Short text fragments from websites
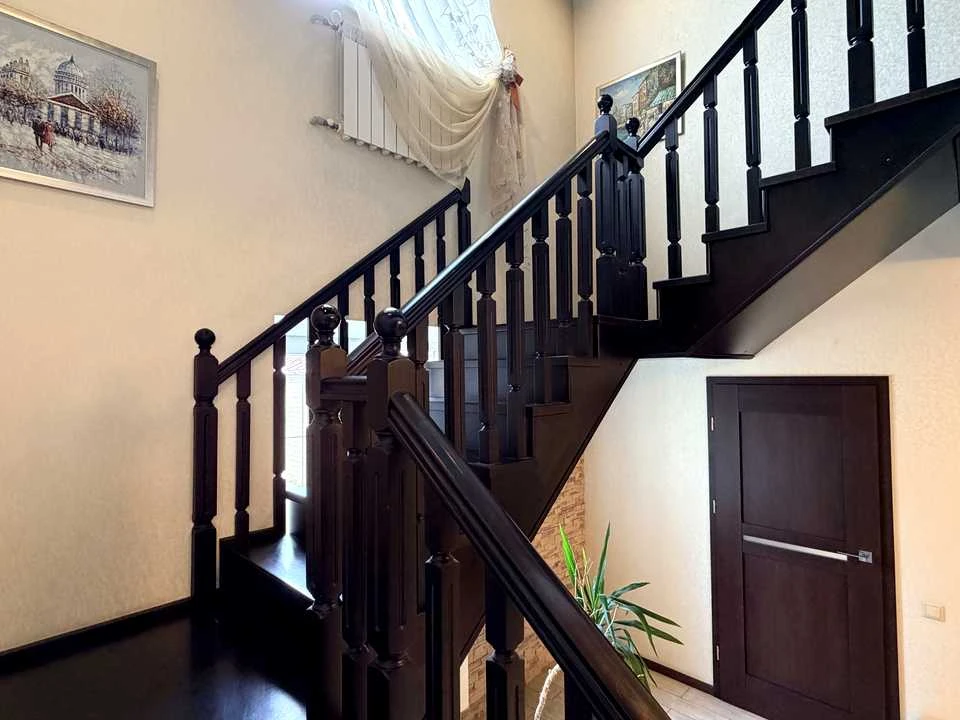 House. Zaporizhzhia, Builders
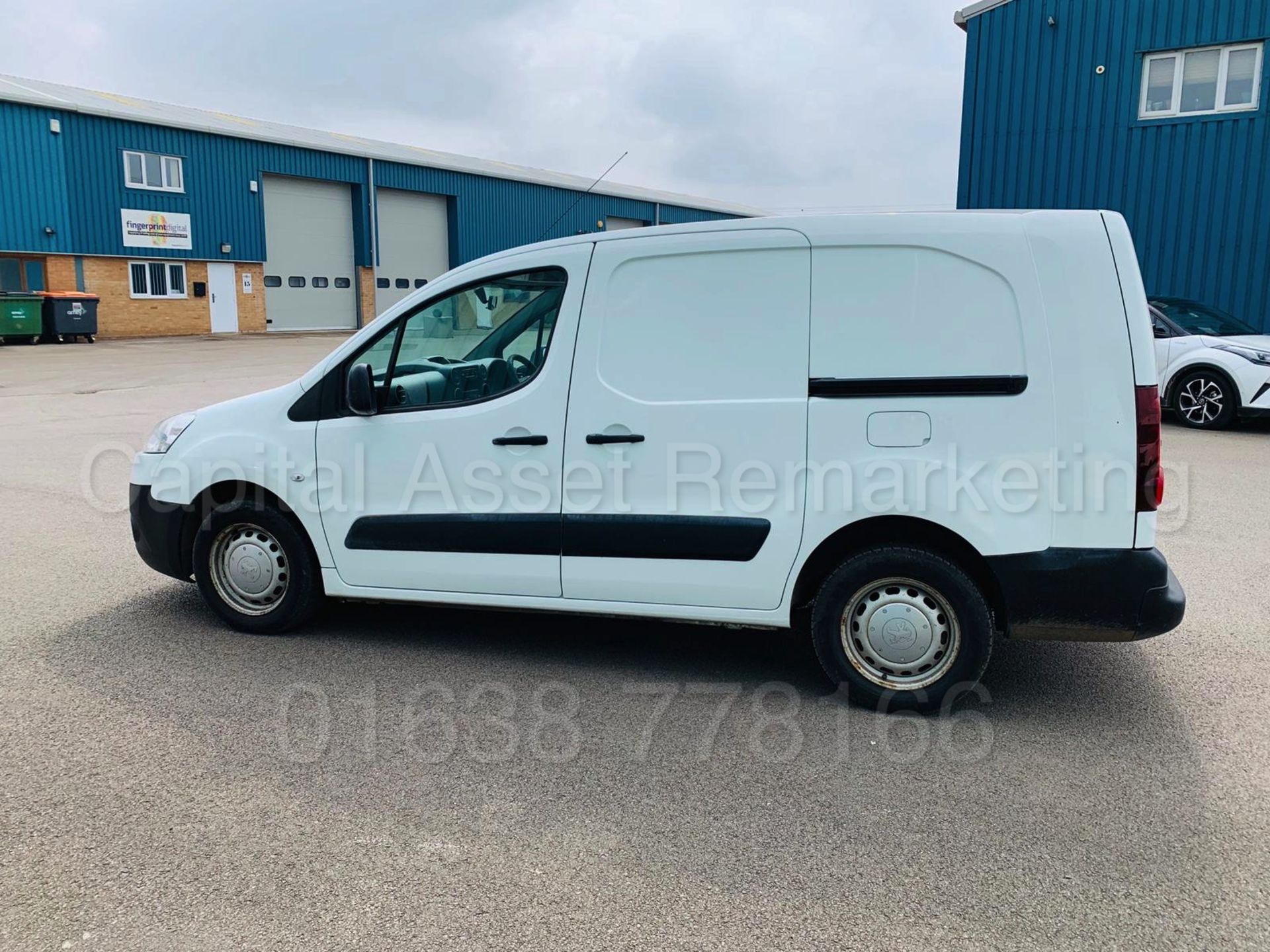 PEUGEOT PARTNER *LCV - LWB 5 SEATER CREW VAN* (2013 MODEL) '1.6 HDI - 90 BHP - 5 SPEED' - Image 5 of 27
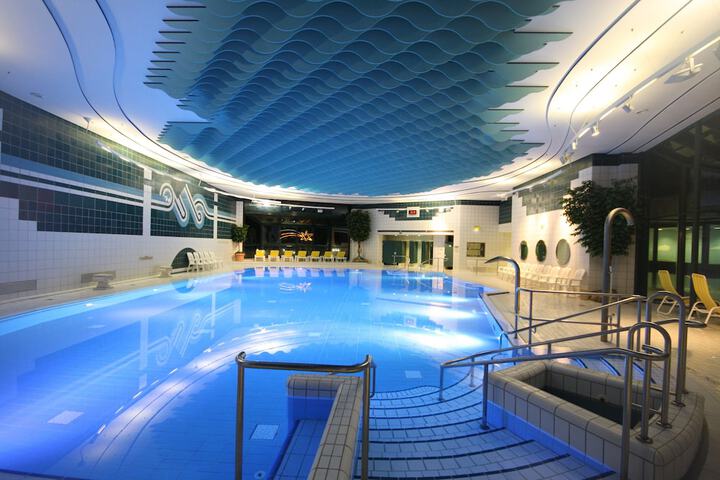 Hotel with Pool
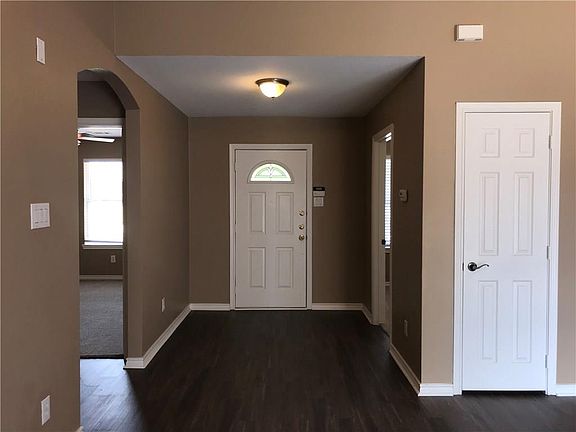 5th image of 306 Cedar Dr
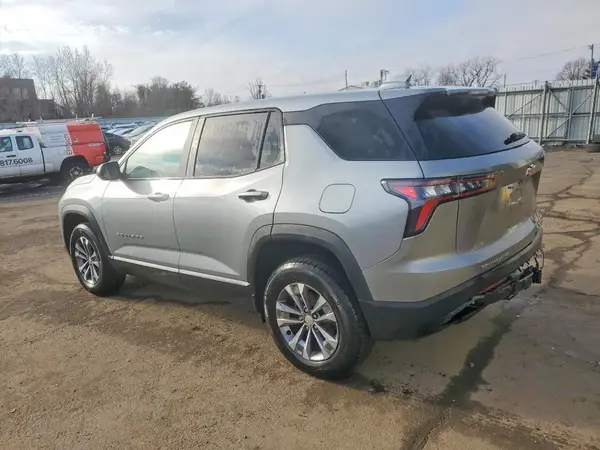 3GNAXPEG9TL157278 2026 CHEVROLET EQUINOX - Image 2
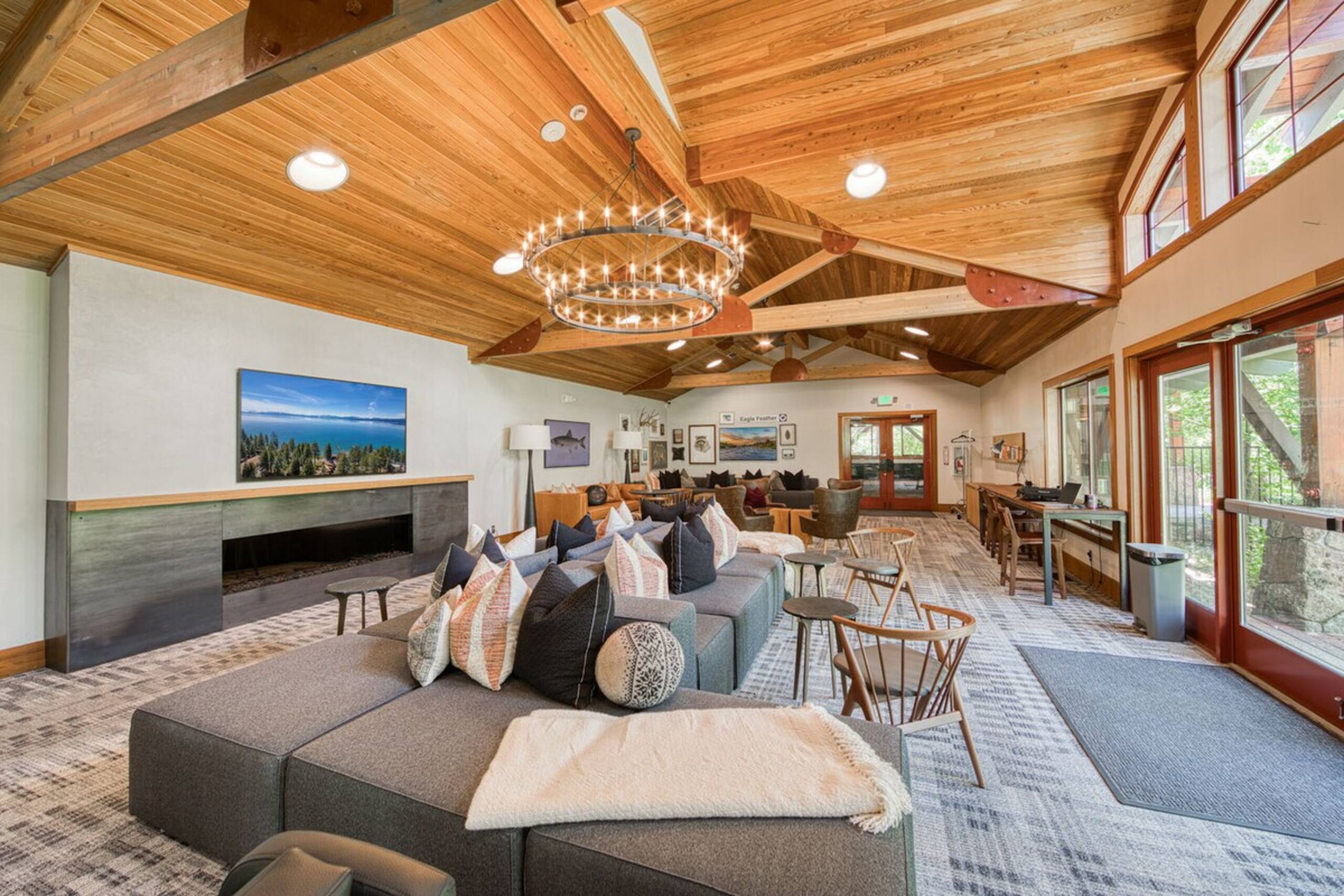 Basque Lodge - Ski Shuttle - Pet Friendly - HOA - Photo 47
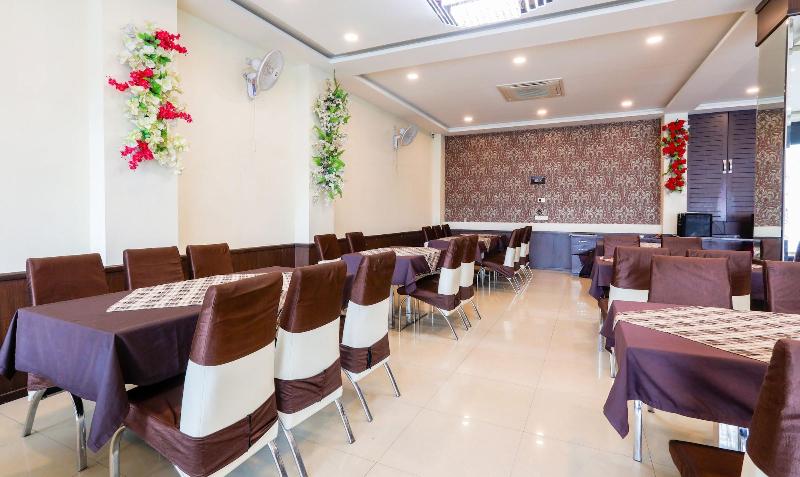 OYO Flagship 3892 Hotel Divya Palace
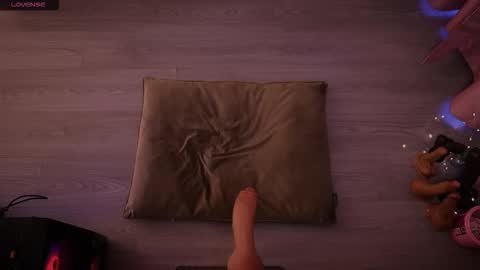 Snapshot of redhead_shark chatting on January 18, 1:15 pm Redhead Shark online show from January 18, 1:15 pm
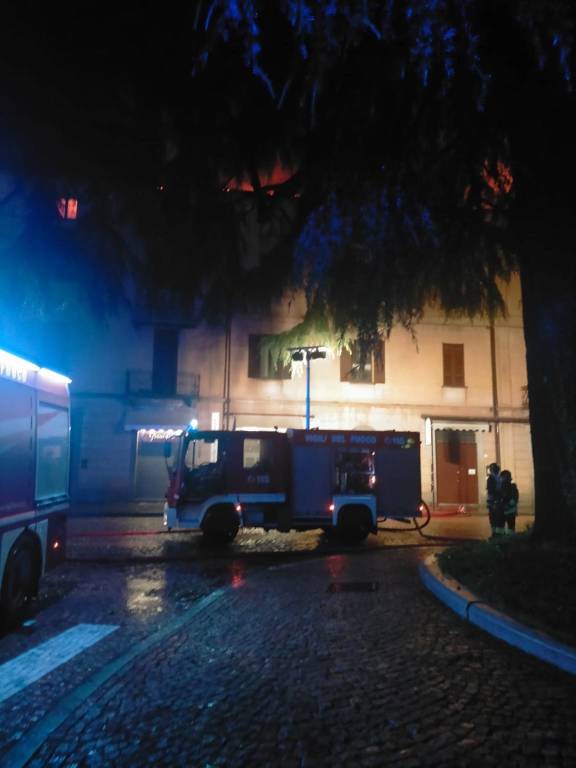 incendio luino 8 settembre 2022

▸ **What is being asked**
Your copy must repeat the data word for word and show none of its images.

▸ **Reply to the task**
 House. Zaporizhzhia, Builders
 PEUGEOT PARTNER *LCV - LWB 5 SEATER CREW VAN* (2013 MODEL) '1.6 HDI - 90 BHP - 5 SPEED' - Image 5 of 27
 Hotel with Pool
 5th image of 306 Cedar Dr
 3GNAXPEG9TL157278 2026 CHEVROLET EQUINOX - Image 2
 Basque Lodge - Ski Shuttle - Pet Friendly - HOA - Photo 47
 OYO Flagship 3892 Hotel Divya Palace
 Snapshot of redhead_shark chatting on January 18, 1:15 pm Redhead Shark online show from January 18, 1:15 pm
 incendio luino 8 settembre 2022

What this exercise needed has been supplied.